I'm running my program of spark which locally working but not remotly. My program have these components(containers):
- My application which is base on spring (for REST calls) that initiate a driver (Spark Session with getOrCreate) and has all the transformers that I built.
- Spark Master based on bitnami image.
- Spark Worker base on bitnami image but also have all the dependencies of my application(i.e. all jars under /dependencies dir).
Locally everything is working great but remotely I got that error when running transformers with UDFs (The rest of the transformers(i.e. without UDFs) are working fine):
Caused by: java.lang.ClassCastException: cannot assign instance of scala.collection.immutable.List$SerializationProxy to field org.apache.spark.rdd.RDD.org$apache$spark$rdd$RDD$$dependencies_ of type scala.collection.Seq in instance of org.apache.spark.rdd.MapPartitionsRDD at java.io.ObjectStreamClass$FieldReflector.setObjFieldValues(ObjectStreamClass.java:2301) at java.io.ObjectStreamClass.setObjFieldValues(ObjectStreamClass.java:1431) at java.io.ObjectInputStream.defaultReadFields(ObjectInputStream.java:2350) at java.io.ObjectInputStream.readSerialData(ObjectInputStream.java:2268) at java.io.ObjectInputStream.readOrdinaryObject(ObjectInputStream.java:2126) at java.io.ObjectInputStream.readObject0(ObjectInputStream.java:1625) at java.io.ObjectInputStream.defaultReadFields(ObjectInputStream.java:2344) at java.io.ObjectInputStream.readSerialData(ObjectInputStream.java:2268) at java.io.ObjectInputStream.readOrdinaryObject(ObjectInputStream.java:2126) at java.io.ObjectInputStream.readObject0(ObjectInputStream.java:1625) at java.io.ObjectInputStream.readObject(ObjectInputStream.java:465) at java.io.ObjectInputStream.readObject(ObjectInputStream.java:423) at scala.collection.immutable.List$SerializationProxy.readObject(List.scala:490) at sun.reflect.GeneratedMethodAccessor3.invoke(Unknown Source) at sun.reflect.DelegatingMethodAccessorImpl.invoke(DelegatingMethodAccessorImpl.java:43) ...
This is my spark session code:
val sparkConf = new SparkConf()
.setMaster("spark://spark-master:7077")
.setAppName("My-App")
.set("spark.executor.extraClassPath", "/dependencies/*")
val spark = SparkSession.builder().config(sparkConf).getOrCreate()
So, jobs with external dependencies are working fine, but UDFs produce the error above.
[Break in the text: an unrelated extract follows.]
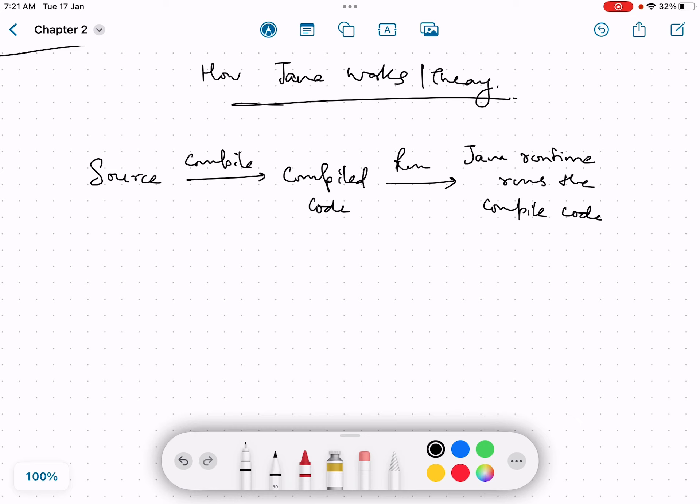In Java, whenever we have to run a program, step one is to have a source file, basically the program itself. Once we have the source, we compile the source file. After successful compilation, we get the compiled code, step number two. Now we always run the compiled code. We do not run dot Java file directly, although newer versions support a single command, but it still is a two-step process.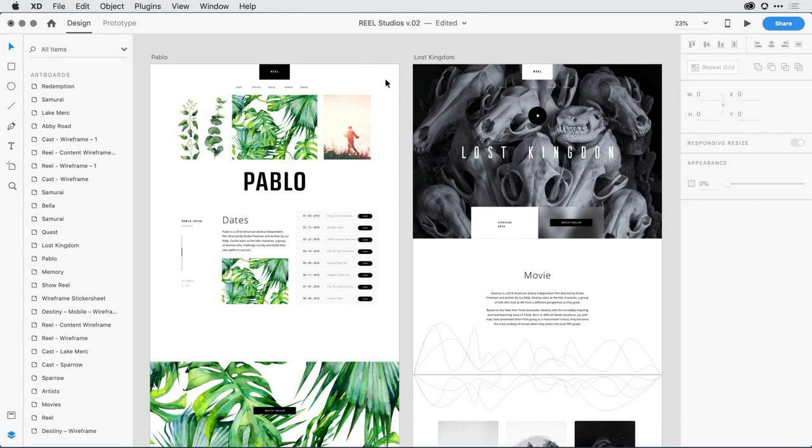When you build out an interface with lots of UI elements, your design can become pretty complex pretty quickly. Grouping elements together is one way to organize that content, but editing objects once in a group can be quite a hassle.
I also tried to add my application jar (which contains in it the driver and the spring code with all the other dependencies that already exists in the worker) to the worker to the dependencies folder in it but the error is still produced. Also tried to place it inthe worker in the same location as the driver and add to sparkConf its location using "spark.jars" but without success. Any suggestion?